Universities typically are in the public sector side of the equation... and the public sector doesn't pay any non-administrative role the Big Tech rate.

Pulling up my alma mater... https://www.openthebooks.com/wisconsin-state-employees/?Year...

The various roles that you'll find for software developers: Sr Is Specialist, Is Tech Srv Cons/Adm, Sr Inform Proc Conslt, Sr Systems Programmer

And you can pull up the pay scale at https://hr.wisc.edu/standard-job-descriptions/?job_group=Inf...

$80k/y isn't "we're paying H1-B half of what the going rate is" but rather "the state legislature has set this pay scale and we're paying everyone that amount" ... And many times, H-1B visas aren't eligible to work in those roles.


> Universities typically are in the public sector side of the equation... and the public sector doesn't pay any non-administrative role the Big Tech rate.

There's absolutely no reason government couldn't pay competitive rates for software engineers. They do it for doctors and administrators of state-owned medical centers. Not to mention football coaches

https://openpayrolls.com/justin-wilcox-146812860


It's only a little bit lower than salaries for non-Big Tech that are in the area. Again, for Madison compare it to https://www.levels.fyi/companies/american-family-insurance/s...

Trying to make state government competitive with Big Tech salaries (especially in states that aren't California) would not go over well with voters.

While private sector deals with layoffs and uncertainty, the public sector has things like "budget not good this year? Two weeks unpaid vacation for everyone" - https://docs.legis.wisconsin.gov/code/executive_orders/2003_... ... 401k matching? How about a fully funded pension instead. https://reason.org/commentary/the-wisconsin-retirement-syste...

Football coaches are revenue generating for universities... software developers at universities not so much. Doctors are licensed professionals that have a decade of schooling... software developers frequently reject licensure and celebrate their lack of a formal education.


But there's no reason they couldn't just pay them more. The way to make them pay more is to force them to hire applicants at market rate, and when that's impossible, they'll go to the state legislature. Allowing for the H1B loophole is the problem universities are too eager to abuse


Exactly. The fact that H1B's get paid less than Americans across the board is all you really need to know about the issue. There IS no reasonable counter argument.

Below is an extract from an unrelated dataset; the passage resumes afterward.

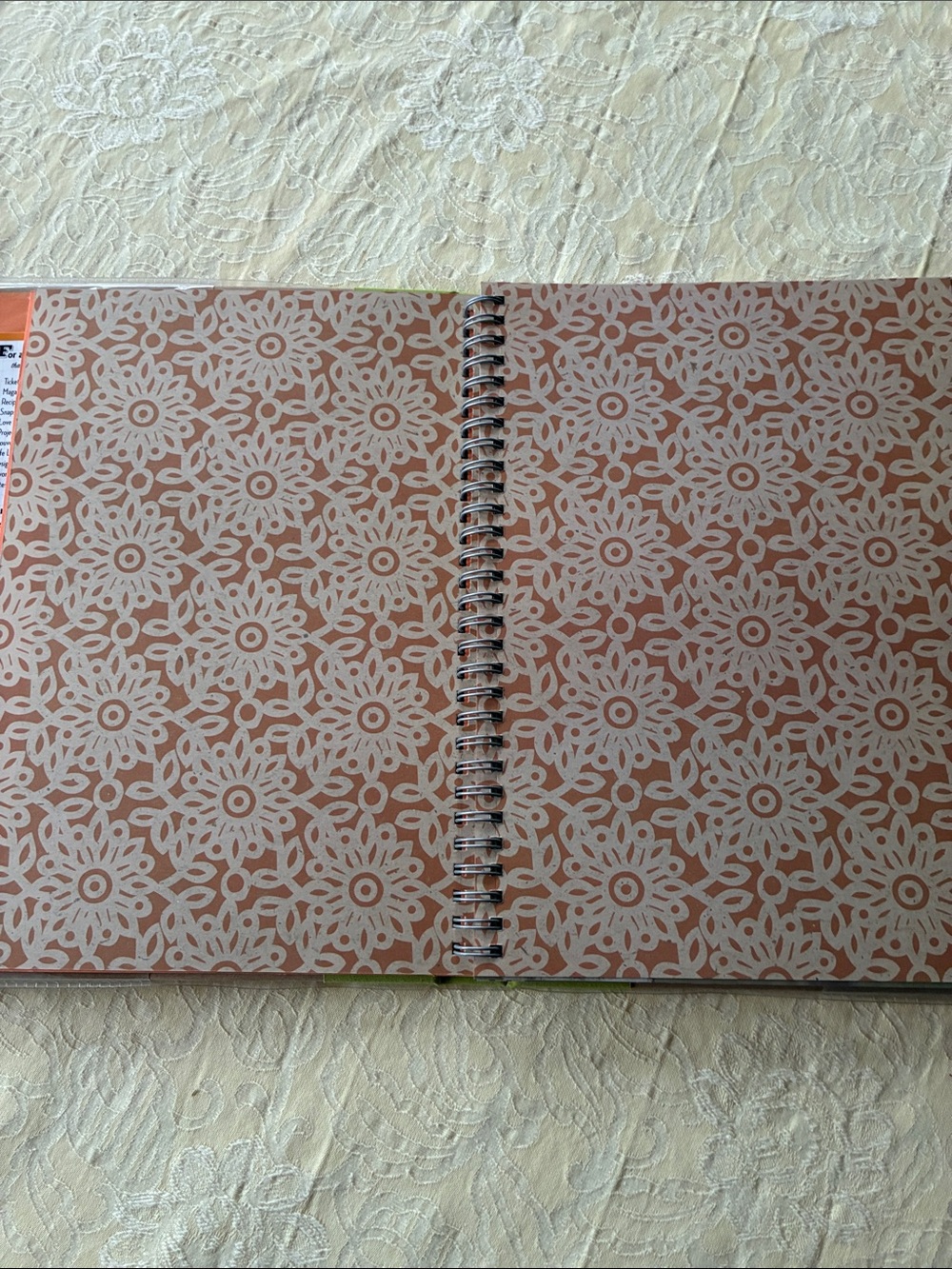 K&Company Smash Scrapbook/Journal
Eco Style - Picture 4 of 6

It's supposedly a program for importing the best and brightest talent that doesn't exist in the US but somehow those best and brightest people get paid LESS than their American counterparts? It was never about the best and brightest it was always about bringing in cheap labor that can't leave.

Sadly I don't think we'll ever fix it either, right leaning industrialists support it because they benefit from cheap labor, and the left leaning politicians get to continue importing people who overwhelmingly vote for them. As usual the loser in the equation is the middle class American worker.


How many H1B visa holders become citizens eligible to vote for those "left leaning politicians?"

I don't think having an H1B helps you accelerate your citizenship application in anyway, and for many countries the wait for legal citizenship is decades long.


The ones who get citizenship and their children.

Just look at the data for how people vote by demographic group (race).

Nonwhite groups overwhelmingly vote blue, H1B's are overwhelmingly nonwhite. This is not controversial.

https://www.pewresearch.org/politics/2025/06/26/voting-patte...

https://www.reddit.com/r/neoliberal/comments/aoodm8/how_the_...


You didn't answer the question at all. Getting an H1B visa is merely the first step in a very long process towards citizenship. Decades long. For example, if you're from India and you get an H1B, it'll be roughly a decade before you can get a green card. From then you have a mandatory 5 year waiting period before naturalization. And this assumes a normal, functioning immigration process; something we definitely don't have in the US.

This can be sped up if they marry a US citizen, speeding up the process quite a bit, but it will still be several years. Now their children would be citizens, but that's another 18 years before they can vote. Politicians aren't known for playing the long game...


>Politicians aren't known for playing the long game

There are plenty of politicians who have played the long game, also political parties take actions on longer time scales than individual politicians. Stances that politicians take on issues often come down from the party anyway. Many politicians don't care about many issues, but they vote based on their party's stance. The blue party is staffed with all types of people, many of whom will live to reap the benefits of changed demographics.

Heck many politicians are still in office 18 years later! Look at Nancy Pelosi, she was in office for 38 years. That's multiple batches of anchor babies.

It's not that long of an investment. We have seen this entire country go from 99% white in most places to below 50% in most places, in ONE generation and that change is clearly visible in national elections.


Ah the Great Replacement Theory rears its head on HN. I think Godwin would be proud...


I mean just look at the data, it's a story that tells itself. One party does indeed benefit from increasing diversity and they are also the party that coincidentally spends a lot of time working on initiatives to increase diversity.

It seems that you are using the term "Great Replacement" as a tactic to dismiss the argument and all the data by which it is supported because you have no real counter argument.

I also did say that the other side benefits from importing cheap labor. Which is why both parties seem to do very little to slow immigration no matter which is in power, despite overwhelming demand from their constituents to slow immigration.


> The fact that H1B's get paid less than Americans across the board is all you really need to know about the issue.

Except this is literally false. Every single study I’ve seen that claims this has no real evidence - just speculation without knowing the details of the jobs or the people being hired, based on their own self-serving false comparisons to make dubious claims that similar jobs are paid differently.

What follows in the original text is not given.